Indeed, what was refreshing about Obama’s speech in Cairo was the fact that he expressed his support for the spread of democracy in the region while emphasising that any such transitions would not be steered by the United States.  He approached the subject with sensitivity — by first acknowledging that it has become a thorny one, “I know there has been controversy about the promotion of democracy in recent years, and much of this controversy is connected to the war in Iraq.  So let me be clear: No system of government can or should be imposed by one nation by any other.”  Obama recognised that meaningful political reform can only be achieved from within, and that it may take on many forms.  He said, “Each nation gives life to this principle [of representative government] in its own way, grounded in the traditions of its own people.  America does not presume to know what is best for everyone, just as we would not presume to pick the outcome of a peaceful election.”  The 44th US president proceeded to quote its third, Thomas Jefferson, “I hope that our wisdom will grow with our power, and teach us that the less we use our power the greater it will be.”

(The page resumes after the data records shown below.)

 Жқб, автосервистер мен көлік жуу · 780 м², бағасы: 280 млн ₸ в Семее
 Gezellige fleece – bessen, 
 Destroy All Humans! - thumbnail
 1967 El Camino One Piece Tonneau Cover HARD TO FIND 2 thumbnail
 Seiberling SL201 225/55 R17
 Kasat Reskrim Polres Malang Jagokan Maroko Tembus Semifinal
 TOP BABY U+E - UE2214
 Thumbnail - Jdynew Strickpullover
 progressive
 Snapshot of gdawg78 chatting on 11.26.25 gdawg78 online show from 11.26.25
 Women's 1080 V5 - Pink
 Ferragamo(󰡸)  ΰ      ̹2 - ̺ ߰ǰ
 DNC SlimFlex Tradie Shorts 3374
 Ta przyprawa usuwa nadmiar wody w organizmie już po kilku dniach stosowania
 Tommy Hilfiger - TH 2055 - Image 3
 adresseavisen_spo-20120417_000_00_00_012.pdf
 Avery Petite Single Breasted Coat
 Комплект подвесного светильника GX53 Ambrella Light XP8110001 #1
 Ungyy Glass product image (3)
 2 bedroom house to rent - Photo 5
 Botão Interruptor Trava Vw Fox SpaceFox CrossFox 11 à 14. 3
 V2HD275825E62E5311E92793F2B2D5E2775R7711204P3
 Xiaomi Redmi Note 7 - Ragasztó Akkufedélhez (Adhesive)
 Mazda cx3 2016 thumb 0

Obama also made it clear that if a struggle to oust a repressive regime should fail and a humanitarian crisis ensue, the U.S. would act according to the consensus of the United Nations (nevertheless, Obama placed sanctions on Libyan dictator Gaddafi’s assets two days before the UN passed an unanimous resolution to do so).  America “cannot impose peace,” he said, but would “align our policies with those who pursue peace.”  After concluding his remarks on democracy, a member of the audience in Cairo yelled out, “Barack Obama, we love you!”

Obama’s approach to the uprisings in the Middle East reflects an awareness that the region has tired of the colonialism to which it owes its very name.  In Cairo, he said, “More recently, tension has been fed by colonialism that denied rights and opportunities to many Muslims…”  Meddling, irrespective of the potential to disguise it, is out.  Why?  Because America didn’t like it either. When re-branding America to the Muslim world and beyond, Obama reminded his audience that the US was “born out of revolution against an empire” – that same British empire (plus a French one) that partitioned the Middle East into separate nations following the First World War, and retained a colonial presence until the 1970s – from which point the US (and its endorsed dictatorships) largely took over.  When Obama campaigned for the US presidency on the basis that he represented change, why can’t we believe that he meant it?